## Task to carry out:
From the line containing "Tsuiho Saretanode, Ansatsu" to the final line of the entries, copy each line exactly. Pictures stay out.

[Short descriptive text snippets]
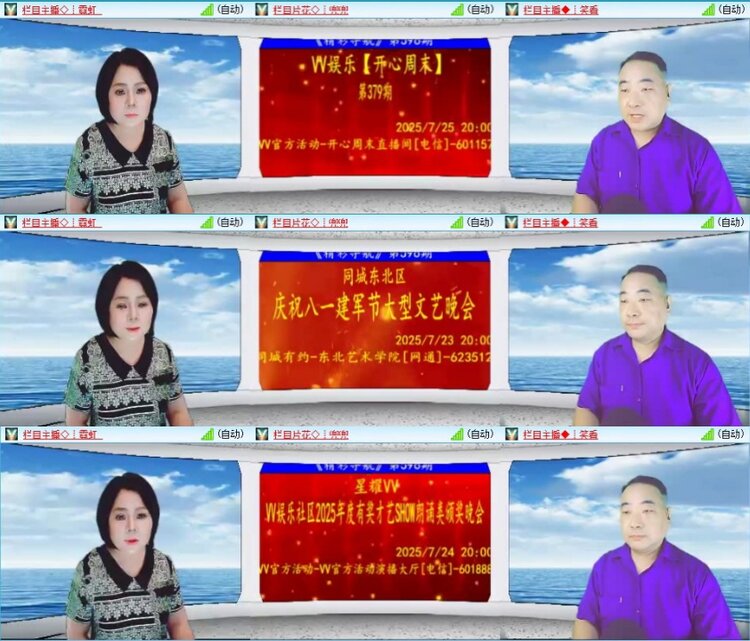 云中云🎤V娱热点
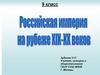 Российская империя на рубеже XIX-XX века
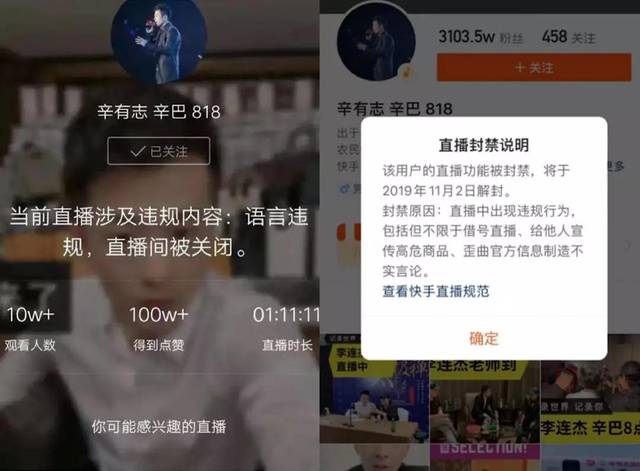 某直播平台主播违规被封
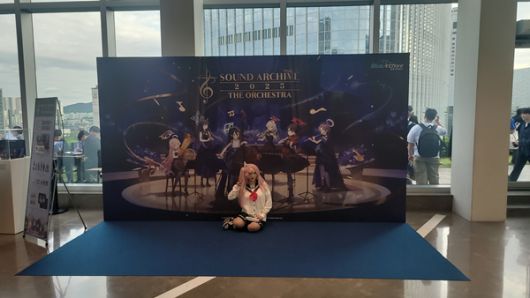 - 디저트보다 오케스트라를 선택한 나츠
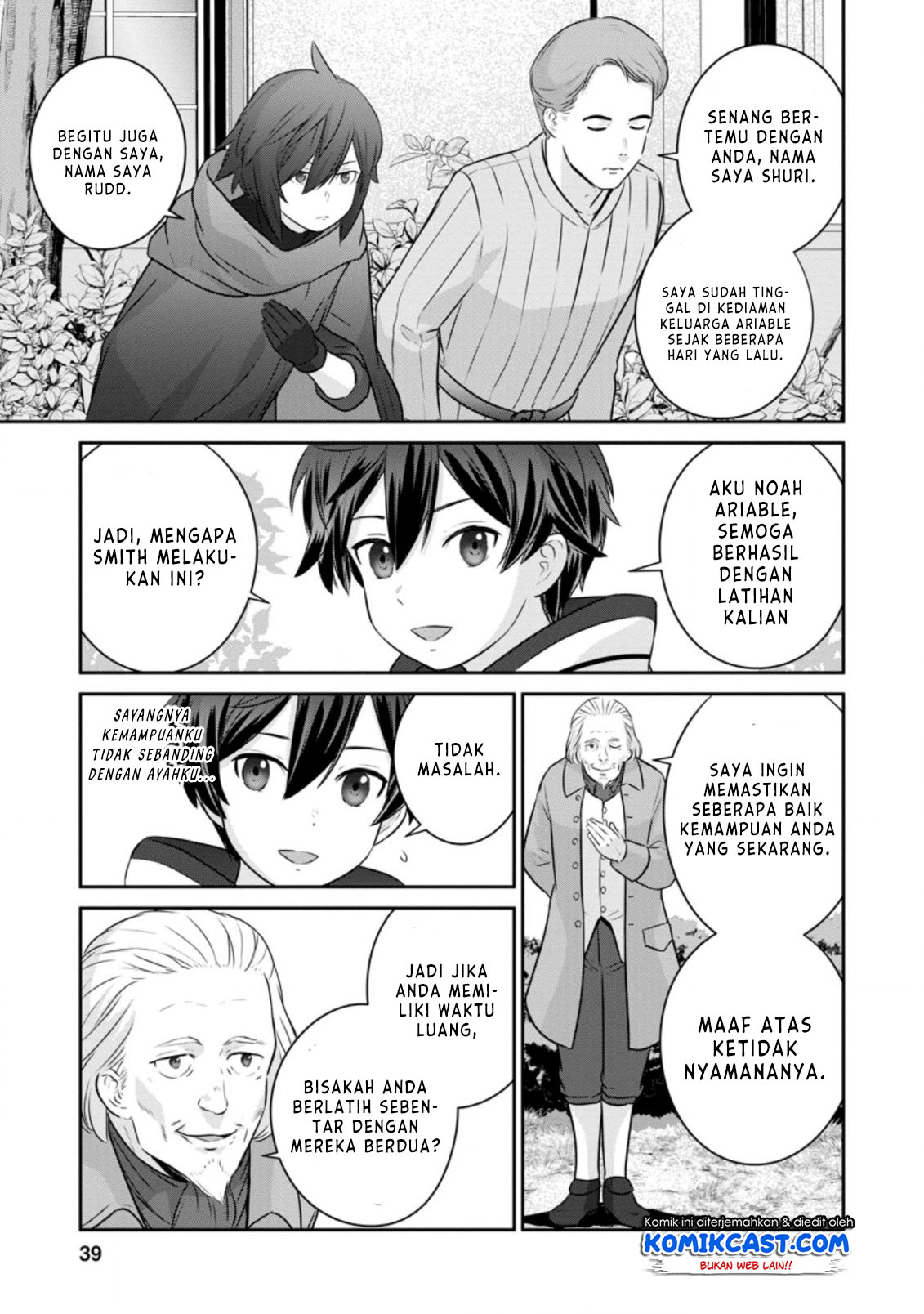 Tsuiho Saretanode, Ansatsu Ikka Jikiden no Kage Maho de Ojou no Goei Hajimemashita! Chapter 01.2 Gambar 21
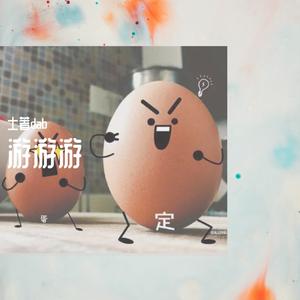 西湖美景（for someone)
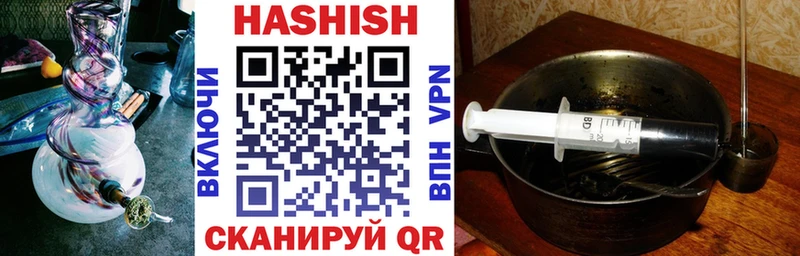 ГАШ 40% ТГК  Киренск 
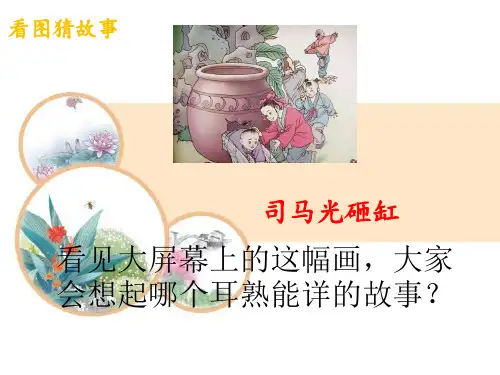 三年级上册语文课件-《24司马光》 人教部编版(共39张PPT)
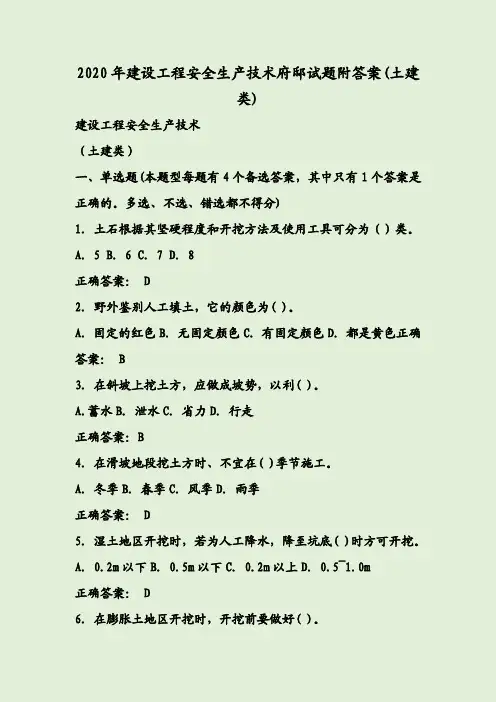 2020年建设工程安全生产技术府邸试题附答案(土建类)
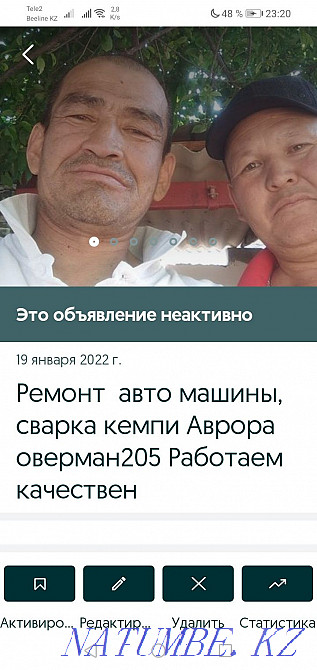 Assalamaleikum coliktin shirigen zherlerin jondeimiz. Shymkent - photo 2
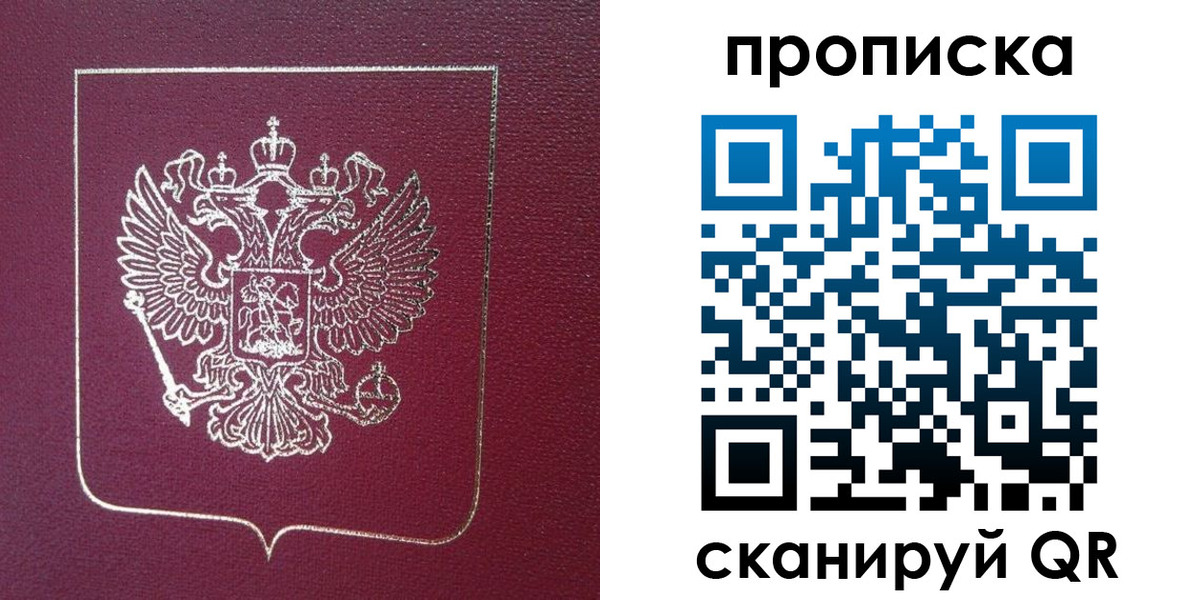 временная регистрация госуслуги в Кяхте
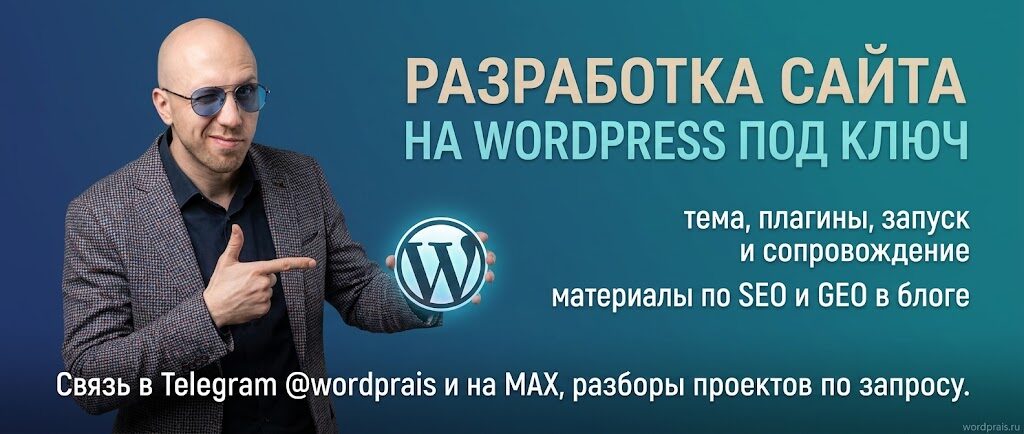 WordPrais — разработка на WordPress, SEO и GEO для бизнеса в Нижнем Новгороде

## Output:
 Tsuiho Saretanode, Ansatsu Ikka Jikiden no Kage Maho de Ojou no Goei Hajimemashita! Chapter 01.2 Gambar 21
 西湖美景（for someone)
 ГАШ 40% ТГК  Киренск 
 三年级上册语文课件-《24司马光》 人教部编版(共39张PPT)
 2020年建设工程安全生产技术府邸试题附答案(土建类)
 Assalamaleikum coliktin shirigen zherlerin jondeimiz. Shymkent - photo 2
 временная регистрация госуслуги в Кяхте
 WordPrais — разработка на WordPress, SEO и GEO для бизнеса в Нижнем Новгороде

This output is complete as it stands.